▶ _Exercise directions_
Copy each line of the data below exactly, leaving out pictures.

▶ _Data extract_
BEGIN

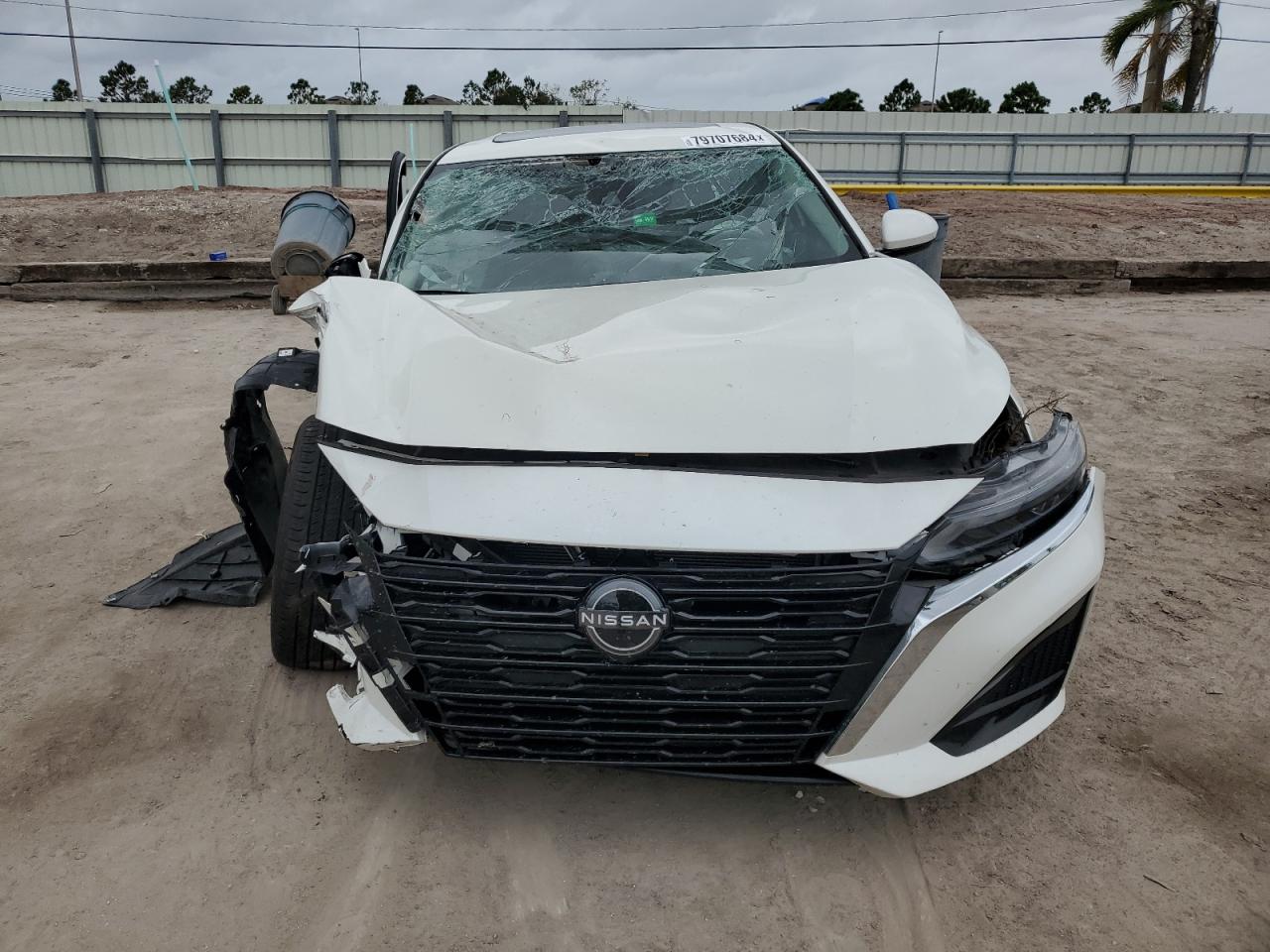 2023 NISSAN ALTIMA SV - 1N4BL4DV2PN397467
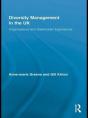 Diversity Management In The Uk - Preview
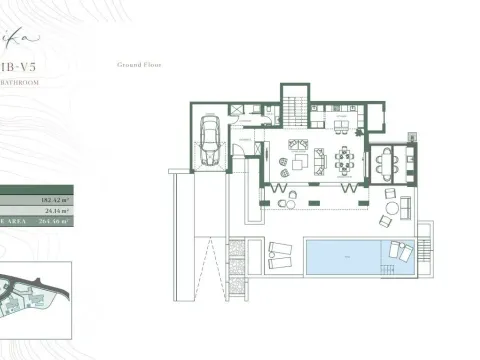 Sale, house, 264m², Tivat, Crna Gora - image 10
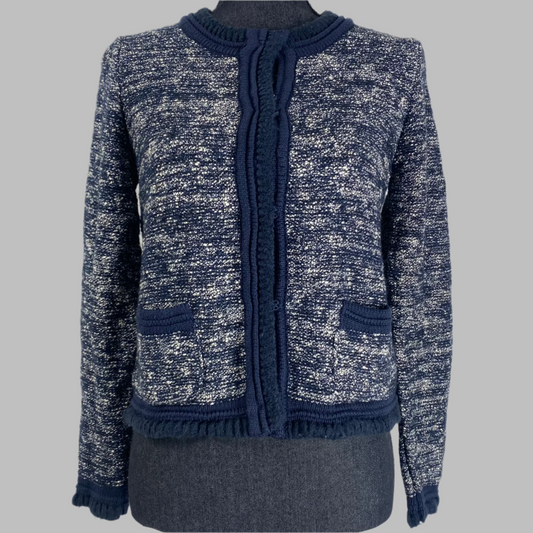 Massimo Dutti Vest Maat S/M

END

▶ _Reply to the task_
 2023 NISSAN ALTIMA SV - 1N4BL4DV2PN397467
 Diversity Management In The Uk - Preview
 Sale, house, 264m², Tivat, Crna Gora - image 10
 Massimo Dutti Vest Maat S/M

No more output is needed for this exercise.